I spent more than 10 months home with Miss Baby, and after only 3 days away from her, I felt like I knew nothing about her anymore. That's a bit drastic, I know. But I do feel like, after spending day after day with her - truly, I'm sure I never spent more than a few hours apart from her in that entire period - that now I have no clue about what went on during her day.
What did she learn? What new cute thing did she do? What new sounds did she make?
Tonight I realized she's becoming quite adept at pulling herself up, and she's starting to move along furniture. And although I was there when she first stood up, and even was able to snap a picture of that first, I am still amazed by it and wondered if I had missed something.
When I was home with her I could watch her every move, savor every new accomplishment - and now there's just less time in the day to do that. There are now chunks of time in her life that I'm just not with her. And that's an adjustment.
This weekend I just watched her - and now when I look into her eyes, I wonder what she's thinking. I can imagine the wheels turning in that little head of hers. No longer does she gaze up at me with innocent doe eyes, absorbing every little detail. She's thinking out things on her own now. She's developing preferences. She's developing character. She now has her own personality.
And I realize, she's not different to me now because I'm not with her all day anymore, although she now has the daily influence of grandma and grandpa shaping her life, but it's because she's growing up into a little person.
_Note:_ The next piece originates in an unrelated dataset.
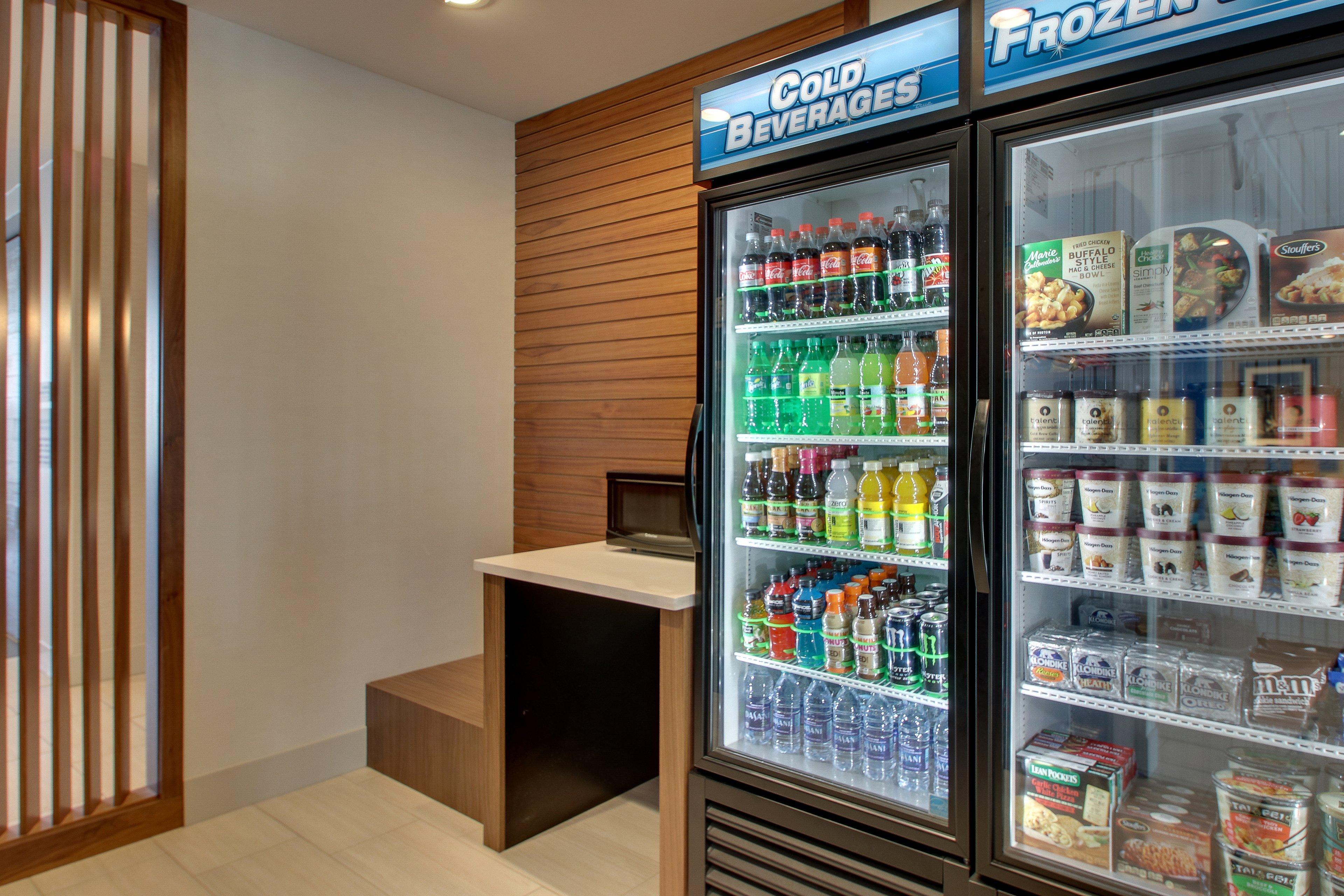 Holiday Inn Express & Suites Findlay North By Ihg Экстерьер фото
She's growing and learning so very fast, I can hardly keep up with her. It's as if she's changing each moment, and if I blink or turn away for just a minute, when I look back, she's suddenly different. Her individuality is emerging, growing stronger every day, and she's just simply no longer completely dependent on me.
It makes me proud, and a little sad at the same time. Nostalgia for the days when my sweet little baby was content to snuggle in a little bundle in my arms, as my strong girl wrestles out of my arms to go exploring....
Oh Miss Baby! Why must you grow up so quickly?